After the skating season, she went back to cycle race and in the 2002 Commonwealth Games in Manchester, England, Hughes won the individual time trial and a bronze in the 24 km points race on the track.
For her honeymoon, she and her husband took cycle tour of the Dempster Highway camping in the bush, through the Arctic Circle to Inuvik. They hitched a ride back to Dawson City, hiked the Tombstone Mountain area the rode back down to Whitehorse.
Coming into 2006 Winter Olympics in Turin, Italy, she was under trained and uninspired after recovering from pneumonia seven weeks before the games. She managed to win silver in Team Pursuit after finishing ninth in 3000m race.
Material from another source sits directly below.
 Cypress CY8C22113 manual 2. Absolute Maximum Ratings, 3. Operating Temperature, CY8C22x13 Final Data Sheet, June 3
A documentary on ‘Right to Play’ filmed in Uganda the morning of the 5000m, inspired her to perform seeing the children living such difficult lives. She came from behind on the last lap of the race in the last pair to win her first ever gold medal at an Olympics.
Later she donated $ 10,000 to the programs and the final tally of donation made by those who followed her call to support Right to Play was close to half a million dollar.
With her experience as commentator for CBC during the World Road Cycling Championships in Austria, she once again served as commentator for cycling events during 2008 Summer Olympics in Beijing.
Hughes set a Canadian record in 10,000m speed skating on March 13, 2007, with a time of 14:19.73 at the Olympic Oval in Calgary.
She had the honor of being the Canadian Flag Bearer for the 2010 Winter Olympics in Vancouver and made it memorable with a bronze medal in the 5000m, the final Olympic speed skating race of her career.
She announced her support for the Bell Let’s Talk Mental Health initiative, including Bell Let’s Talk Today. As the National Spokesperson for the program, she used her past struggle with depression to relate with others.
In 2015, she published her memoir ‘Open Heart, Open Mind’ her personal journey told with honesty and passion through physical and mental pain.
In 2007, she was made member of ‘Order of Canada’ and on April 07, 2010, was made an officer of the Order of Canada.
On September 23, 2010, Hughes received honorary degree from the University of New Brunswick and on June 14, 2016, she was awarded an Honorary Doctorate of Law from the University of Victoria.
At the age of 38 years, after winning six medals in the Winter Olympics and Summer Olympics Games, she made a comeback at 2012 London Olympics. She was placed 32nd in the Individual Road Race and 5th in the Road Time Trial.
In 2015, Hughes spent 139 days hiking the Appalachian Trail, which covered more than 3,500km, stretching between Springer Mountain in Georgia and northern terminus on Mount Katahdin in Maine.